- _The problem_: What you return should be the exact lines from the one with "Neutral white young-adult" to the end of the records below, both included, and no pictures.

BEGIN Records to process

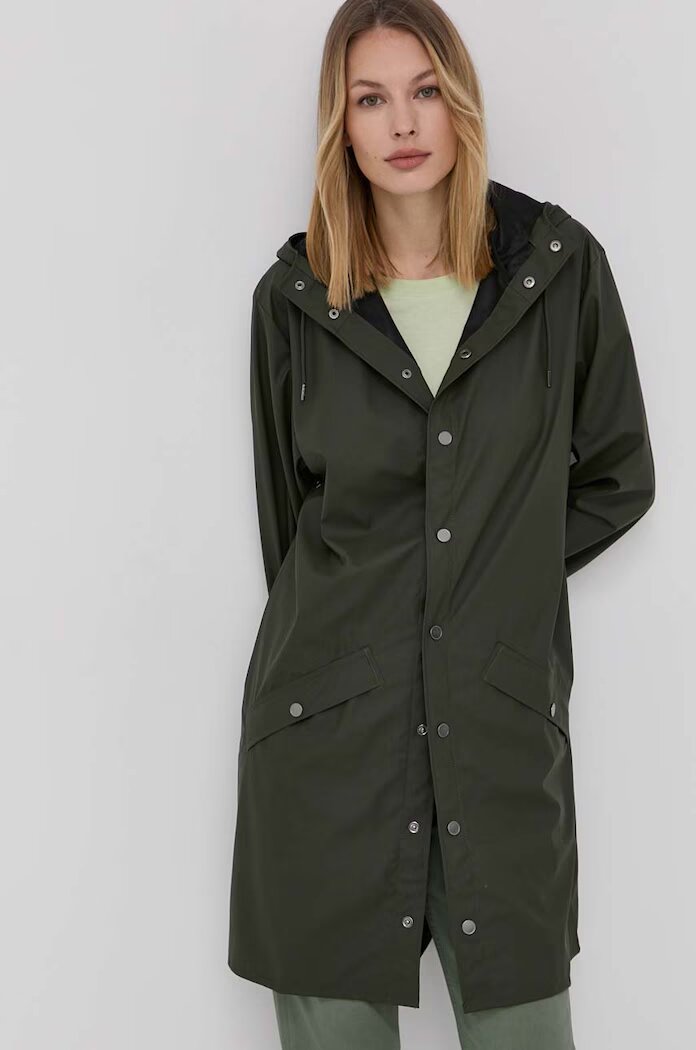 Rains Яке 12020 Long Jacket в зелено с преходна изолация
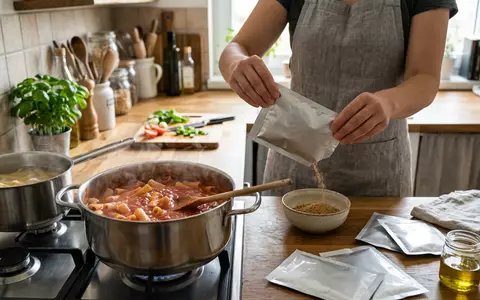 Fotorealistische Aufnahme von Saucenmischung in der Kueche zum Thema Knorr Fix Bolognese Saucenbeutel, natuerliches Licht - Foto: THN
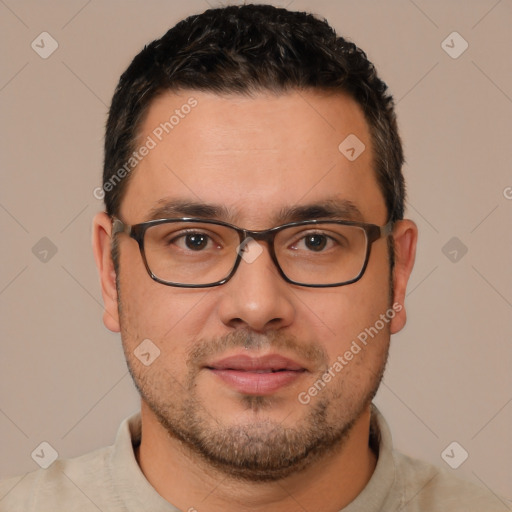 Neutral white young-adult male with short  brown hair and brown eyes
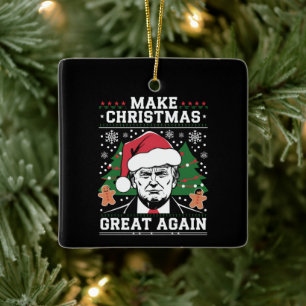 Ornamento De Cerâmica Divertido Trump 2024 Faça o Natal Grande Novamente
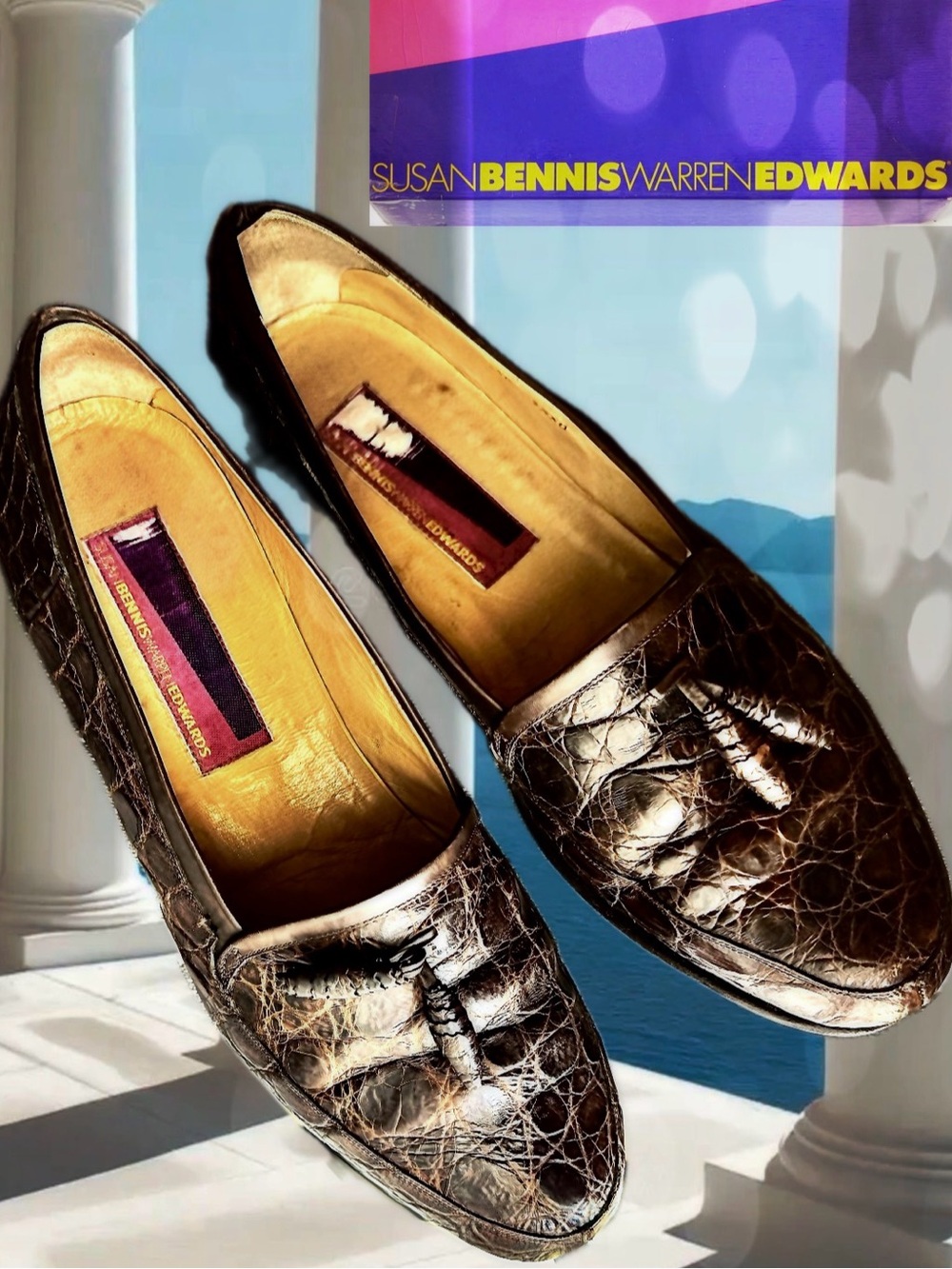 Susan Bennis/Warren Edwards Vintage Croc-Embossed Brown Loafers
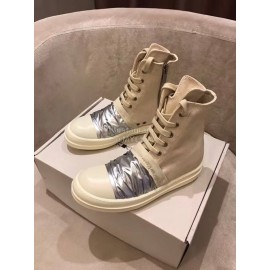 Rick Owens Fashion High Top Canvas Shoes For Men And Women Beige
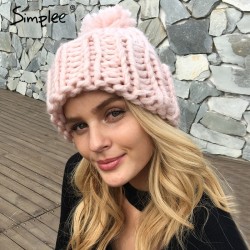 Knitted Wool Hat Cap With TasselHats & Caps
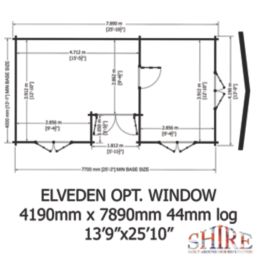 Shire Elveden 26' x 14' (Nominal) Reverse Apex Timber Log Cabin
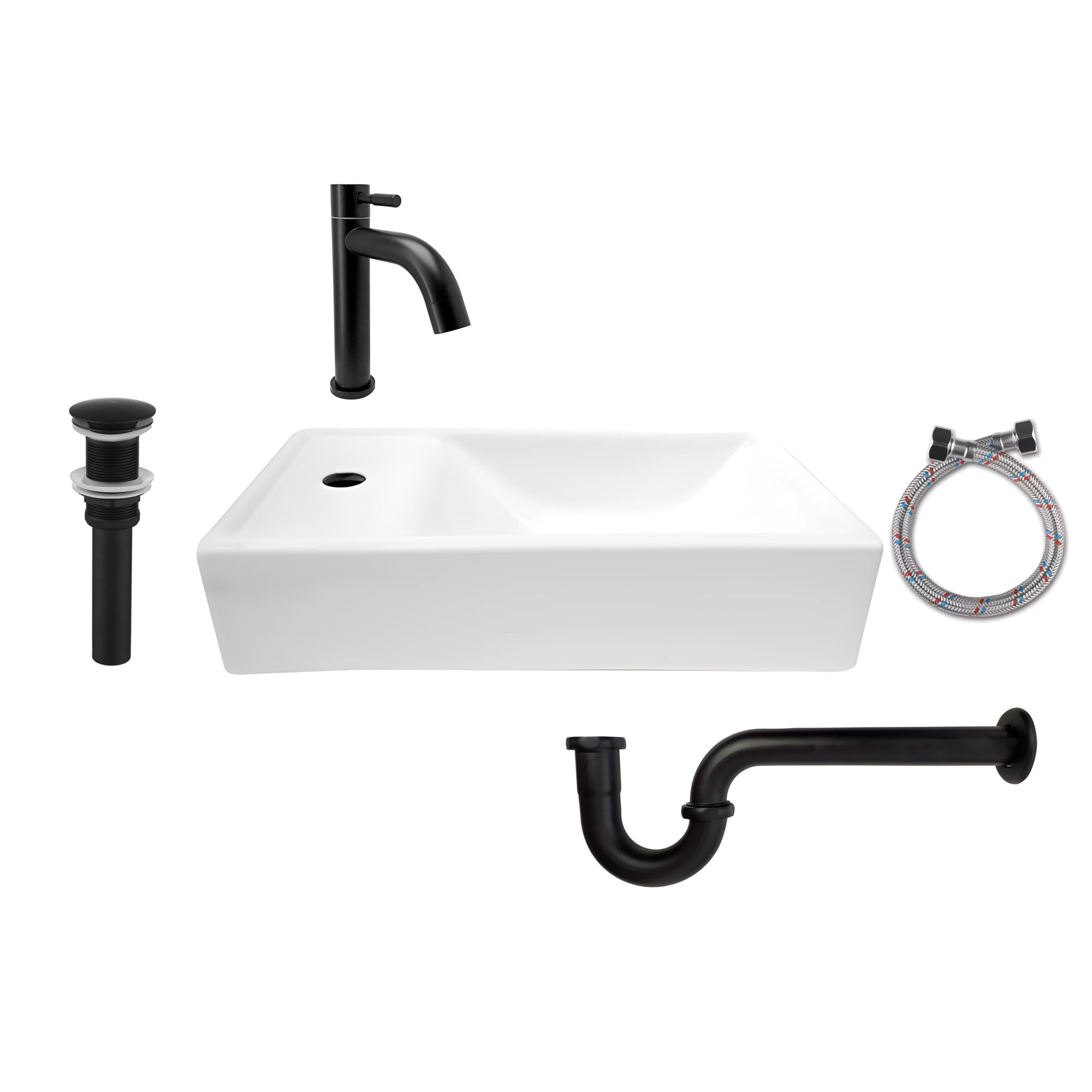 Combo Lavamanos Rectangular + Griferia Agua Fría Negro C682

END Records to process

- _Response to the task_:
 Neutral white young-adult male with short  brown hair and brown eyes
 Ornamento De Cerâmica Divertido Trump 2024 Faça o Natal Grande Novamente
 Susan Bennis/Warren Edwards Vintage Croc-Embossed Brown Loafers
 Rick Owens Fashion High Top Canvas Shoes For Men And Women Beige
 Knitted Wool Hat Cap With TasselHats & Caps
 Shire Elveden 26' x 14' (Nominal) Reverse Apex Timber Log Cabin
 Combo Lavamanos Rectangular + Griferia Agua Fría Negro C682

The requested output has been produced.